Your Linux server is running slow, so you follow standard procedure and run top. You see the CPU metrics:

But what do all of those 2-letter abbreviations mean?

The 3 CPU states

Let's take a step back. There are 3 general states your CPU can be in:

  • Idle, which means it has nothing to do.
  • Running a user space program, like a command shell, an email server, or a compiler.
  • Running the kernel, servicing interrupts or managing resources.

These three meta states can be further subdivided. For example, user space programs can be categorized as those running under their initial priority level or those running with a nice priority. Niceness is a way to tweak the priority level of a process so that it runs less frequently.

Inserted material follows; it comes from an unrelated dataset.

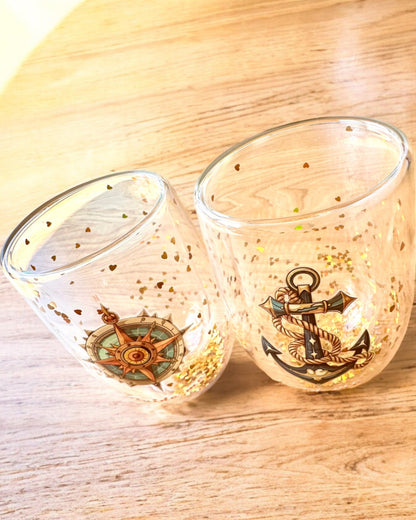 "Nautical Dreams" glas med dubbla väggar och guldflingor - set om 2 st., 300 ml kapacitet, möjlighet till personlig gravyr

The niceness level ranges from -20 (most favorable scheduling) to 19 (least favorable). By default processes on Linux are started with a niceness of 0. See our blog post Restricting process CPU usage using nice, cpulimit, and cgroups for more information on nice.

The 7 cpu statistics explained

There are several different ways to see the various CPU statistics. The most common is probably using the top command.

To start the top command you just type top at the command line:

The output from top is divided into two sections. The first few lines give a summary of the system resources including a breakdown of the number of tasks, the CPU statistics, and the current memory usage. Beneath these stats is a live list of the current running processes. This list can be sorted by PID, CPU usage, memory usage, and so on.

The CPU line will look something like this:

%Cpu(s): 24.8 us,  0.5 sy,  0.0 ni, 73.6 id,  0.4 wa,  0.0 hi,  0.2 si,  0.0 st

24.8 us - This tells us that the processor is spending 24.8% of its time running user space processes. A user space program is any process that doesn't belong to the kernel. Shells, compilers, databases, web servers, and the programs associated with the desktop are all user space processes. If the processor isn't idle, it is quite normal that the majority of the CPU time should be spent running user space processes.

73.6 id - Skipping over a few of the other statistics, just for a moment, the id statistic tell us that the processor was idle just over 73% of the time during the last sampling period. The total of the user space percentage - us, the niced percentage - ni, and the idle percentage - id, should be close to 100%. Which it is in this case. If the CPU is spending a more time in the other states then something is probably awry - see the Troubleshooting section below.

0.5 sy - This is the amount of time that the CPU spent running the kernel. All the processes and system resources are handled by the Linux kernel. When a user space process needs something from the system, for example when it needs to allocate memory, perform some I/O, or it needs to create a child process, then the kernel is running. In fact the scheduler itself which determines which process runs next is part of the kernel. The amount of time spent in the kernel should be as low as possible. In this case, just 0.5% of the time given to the different processes was spent in the kernel. This number can peak much higher, especially when there is a lot of I/O happening.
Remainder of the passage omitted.